Wednesday, March 23, 2011

Texas Rain Lilies

When I moved to San Antonio in July of 2009 it was dry; we were in the midst of a long drought. I drove through neighborhoods searching for a house to buy and saw only brittle, brown grass and trees distressed and dying. Quite frankly, the area was unattractive. And the weather beaten yards and gardens made the 100 degree temperature each day seem even hotter.

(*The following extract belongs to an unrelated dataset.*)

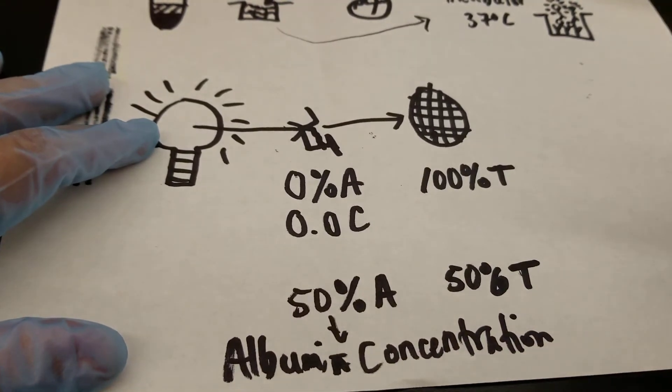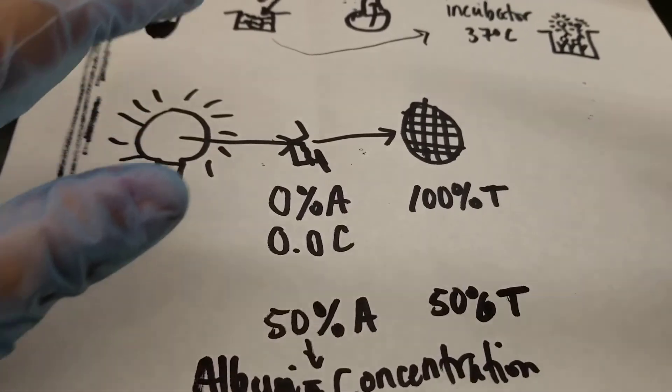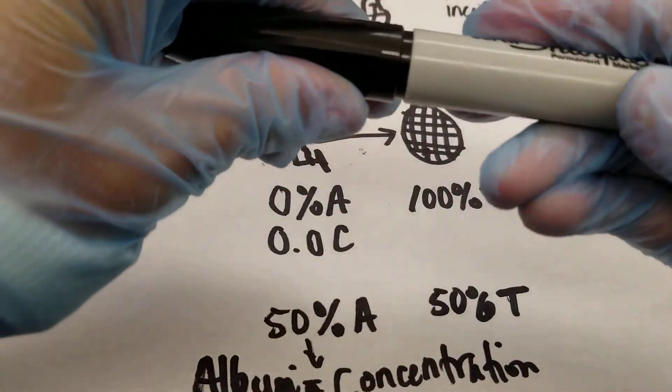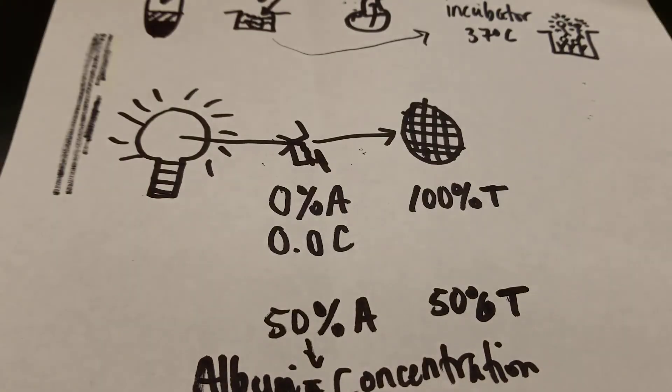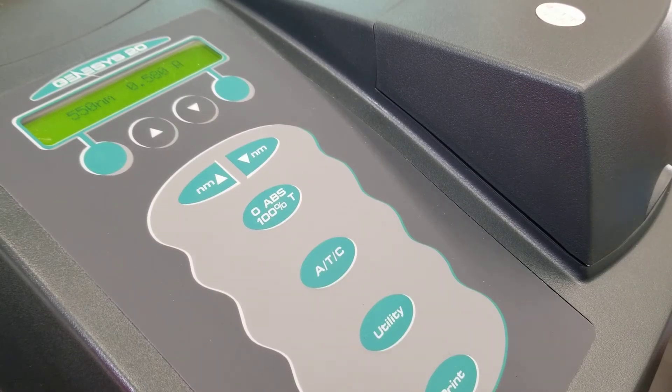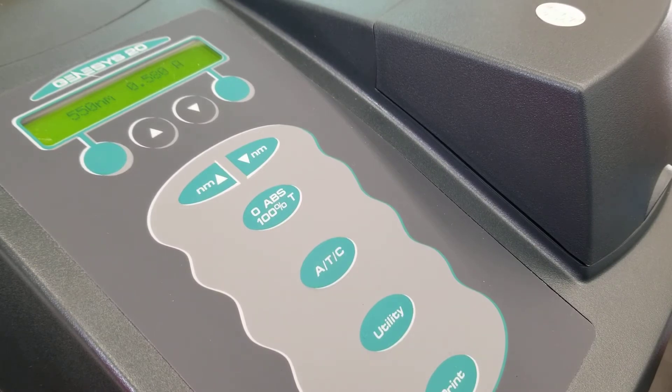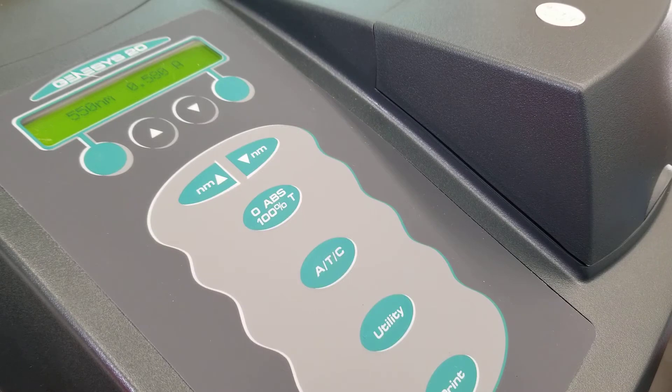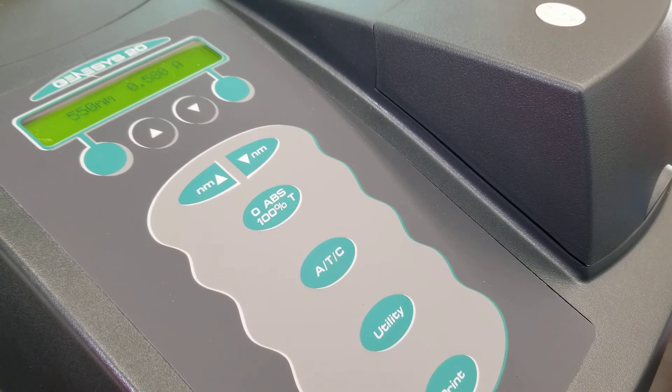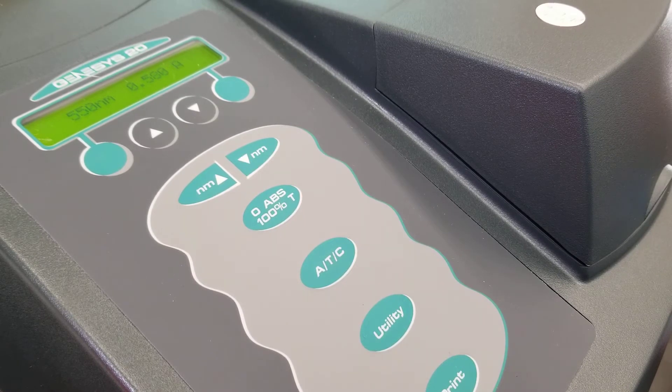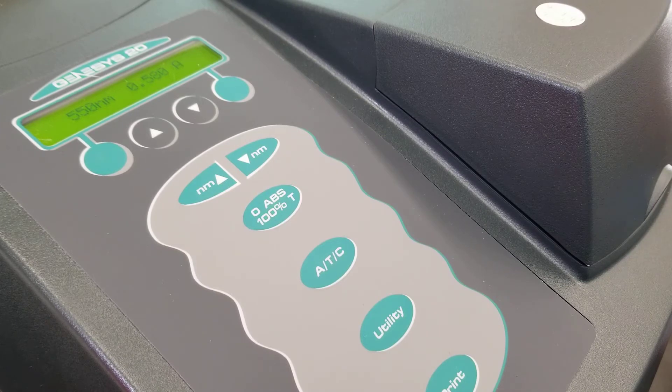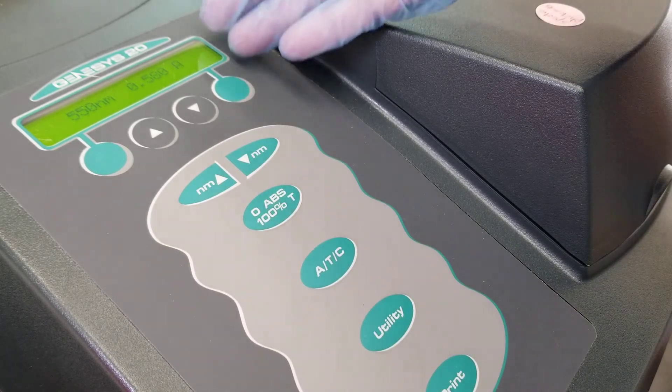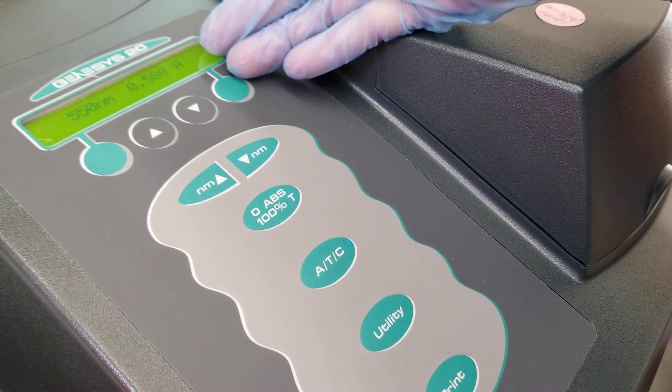So let's go to the spectrophotometer that we use in our classroom and talk about how we're going to do that in class. All right. So this is the Genesis 20. The first thing you want to do when you come into class is make sure to turn it on because it takes 15 minutes to warm up. You'll have to remove the cover and turn it on and then wait 15 minutes. So make sure you do that first.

Then one day in early September it rained hard all through the night. The next morning deep puddles lay in the streets, although before long the sun had dried them up. A day later, however, I saw an astonishing sight - huge swaths of little flowers everywhere, standing tall on their green stems, displaying pretty white and pink blossoms. Texas Rain Lilies. Overnight they had come to life -- strewn across yards and vacant lots, their faces turned toward the sun. Every evening they would close up until the next morning when they bloomed again. After the months of barrenness those lilies were joyous signs of new life.

Little and delicate, Texas Rain Lilies only bloom briefly. As their name implies, they pop up after a good rain, but within days they are gone again. And they're unpredicitable. Sometimes they appear and other times they don't. Up close a Texas Rain Lily is truly lovely - one of my favorite flowers; it has a trumpet shaped blossom of pure white with a blush of pink in the center. They are resilient, too, lying dormant for months, maybe years, and then suddenly brought to life after a strong rain. How fascinating that water can give life so quickly to what had been hidden or dying.

On a hot day in Samaria Jesus sat down by a well to rest. He'd been walking since early morning, from near Jerusalem headed to Capernaum, some 60 miles away. It was noon and a woman came to draw water for the days' use back home. "Give me a drink," Jesus said. He was thirsty. The woman was puzzled; they were not from the same ethnic or social background. His people and her people didn't mix. She told him she couldn't believe he was asking her for a drink, regardless how thirsty he was.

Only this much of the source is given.